Но я прекрасно понимал, что в те времена ни один худсовет не пропустит песню, если я не член Союза композиторов или Союза писателей — но написал как автор-исполнитель и музыку, и текст. Сейчас такое трудно представить, но было именно так. Шаферан на мое предложение ответил: «Конечно, без вопросов».
Мы встретились, я ему показал песенку и припев, сказал, что с запевами (так тогда назывались куплеты, - Прим. И.Р.) надо что-то делать. Он буквально за два-три дня написал идеально, без единой помарки, ничего не надо было править.

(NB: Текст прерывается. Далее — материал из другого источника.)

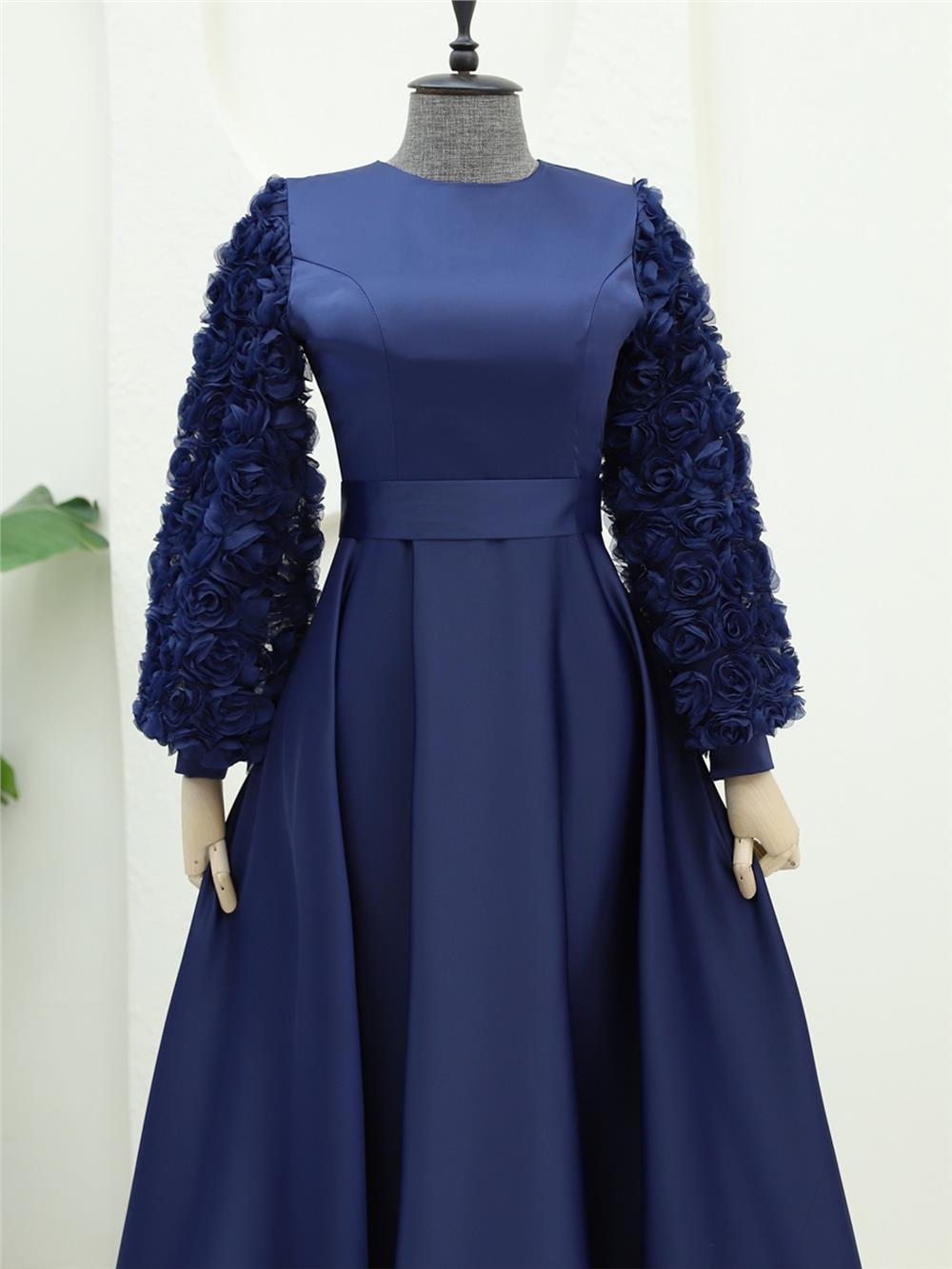 Eteği Ve Kolları Gül Detaylı Saten Abiye -Laci-316-4661-R03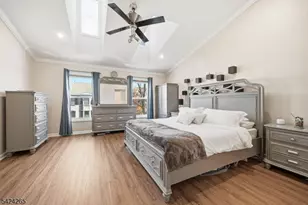 424 Hartford Dr, Nutley, NJ 07110 - Photo 3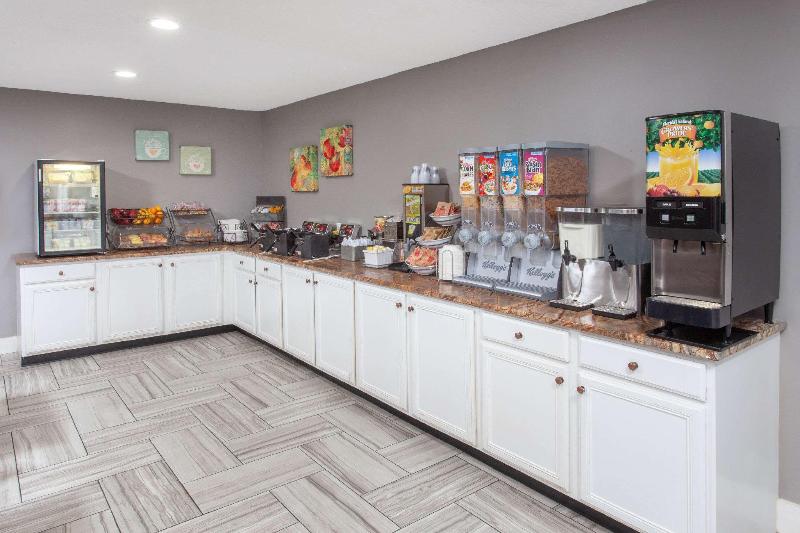 בית מלון כפרי Baymont By Wyndham Grand Haven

Но даже при том, что он был официальный поэт-песенник, даже при его фамилии песню не пропускали! В результате спустя время Игорь вставил «Мы желаем счастья вам» в свою авторскую пластинку, а на дисках группы «Цветы», выпущенных фирмой «Мелподия», ее нет вообще! Она была запрещена три года.
Я написал ее в 1982-м, а в эфир она попала только в декабре 84-го, в «Новогодний огонек». А до этого ее хотели поставить в «Песню года». Тогда была такая Людмила Кренкель, главный музыкальный редактор телевидения. Я пошел на общее совещание по песням, которые претендовали на то, чтобы попасть в эту передачу. И Кренкель сказала, что эта песня — позор советской эстрады, самодеятельность, которую даже близко никуда пускать нельзя. Запрет был на таком уровне. А потом мы каким-то образом просочились в «огонек». Я изменил аранжировку, сделал ее помягче.
Однажды я записал двойной альбом во время Фестиваля молодежи и студентов в 1985 году. Так его и назвал - «Мы желаем счастья вам». Но весь альбом был запрещен и в Советском Союзе не вышел. Потом я выпустил его по заказу ООН, на экспорт. Я был немного чужой для советской власти, и поэтому она меня до 35 лет не выпускала за границу, запрещала, и в этом смысле не могло помочь даже имя Шаферана. Мы три года думали, что делать, и в результате схитрили, включив ее в авторский альбом Игоря — чтобы она появилась в записи хоть так.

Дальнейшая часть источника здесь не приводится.